I burned 668 calories between my run and my strength training workout. Total time for both: 50 minutes. Don’t tell my trainer, but that’s a higher calorie burn than I get with him most of the time and I go a full hour, sometimes slightly longer, with him. D’oh! So, that’s why I’m saying I won’t be working with him for “at least” the next 4 weeks. If my gym workouts all go like this morning’s workout, then I may just not go back to him and save myself the $130 a month. I gained a LOT from my workouts with him. I have learned a LOT of new exercises and have developed an absolute LOVE of all things TRX. The only thing I’ll miss if I decide to not go back to working with him is the kickboxing portion of my workouts. Too bad my gym doesn’t have a punching bag that I could just go through the kickboxing workouts on them solo. I think I’ll have to look…I know they don’t have the hanging bags, but they just “might” have the kind that stand up and have sand in the base. I’ll have to look next time I’m at the gym…which will hopefully be Monday if I have enough time between the dentist and work.

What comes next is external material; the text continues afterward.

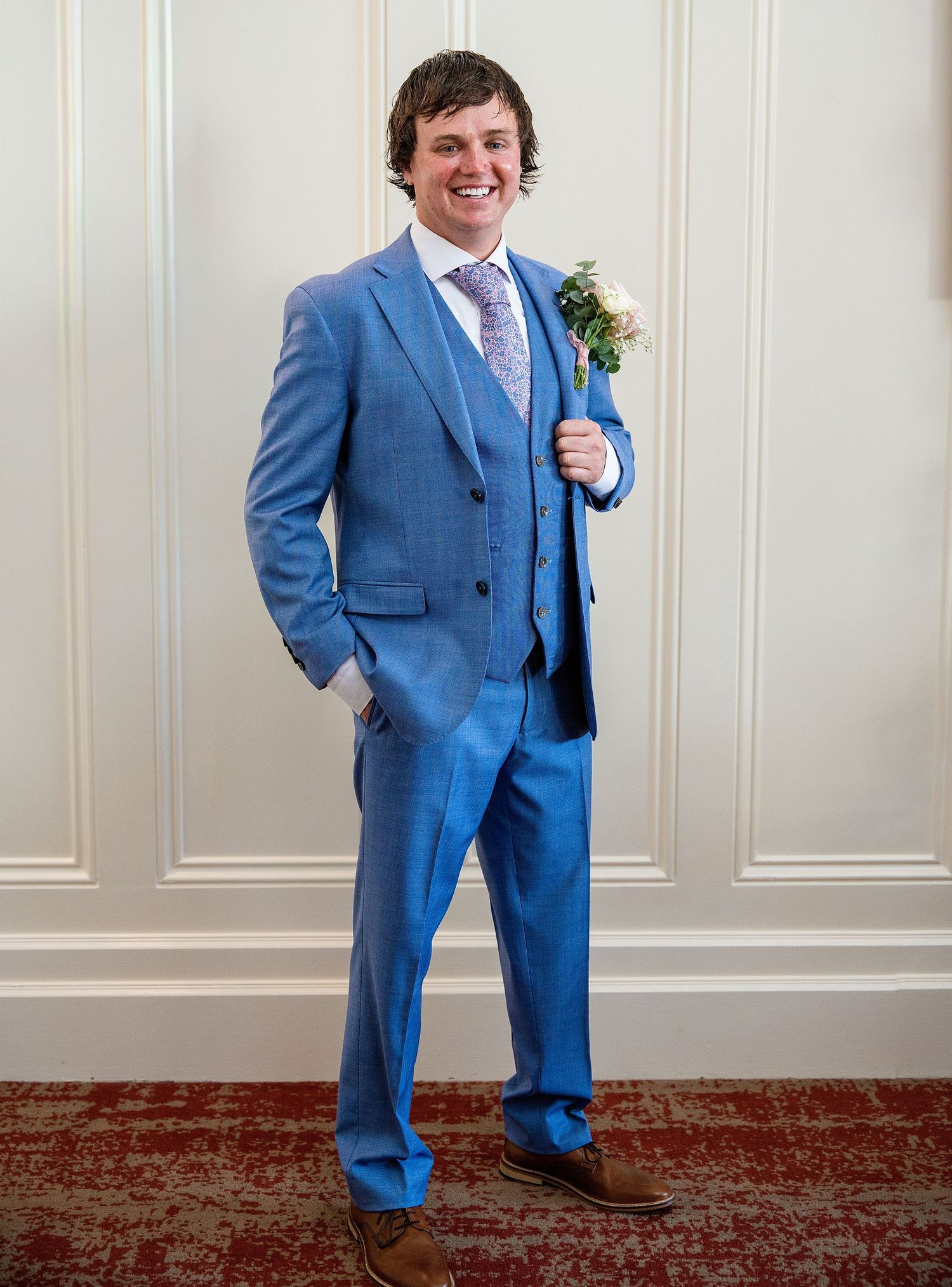 Young man smiling in a blue three-piece suit with floral boutonniere, posing at a formal wedding event.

If I do have the time to hit the gym between the dentist and work on Monday (I’m taking my gym clothes and such with me when I go to the dentist as the dentist’s office is halfway between where I live and my gym), then it will be upper body and abs. I’ll shoot for 3 sets of 15-20 reps each of the following exercises:
• TRX bicep curls
• TRX triceps extensions
• TRX deltoid Y’s
• TRX chest press
• chest press-sit up-military press w/dumbbells on an exercise ball
• flyes on an exercise ball
• bentover row with dumbbells
Then onto abs…I need to come up with these exercises still. I don’t want to just do the same exercises for abs on both days each week. I need to pick a couple different ones to rotate through.

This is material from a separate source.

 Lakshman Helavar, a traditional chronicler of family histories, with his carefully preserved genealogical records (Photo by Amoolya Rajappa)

As you can see, I’m trying to stay away from machines if I can avoid them. I want to do most of my exercises as bodyweight or free weight exercises. While you can lift more weight with a machine, I think you really get the better workout from bodyweight/free weight exercises. For starters, you’re utilizing all muscles involved…including the stabilizing muscles. You don’t use those muscles when you use a machine because it’s not necessary. The machine holds it stead for you while you just lift the weight. Bodyweight/free weight exercises are done with natural movement instead of guided like you get with a machine, so if you were performing that same movement with something outside of exercise in “real life” you would do it the exact same way you would do the exercise.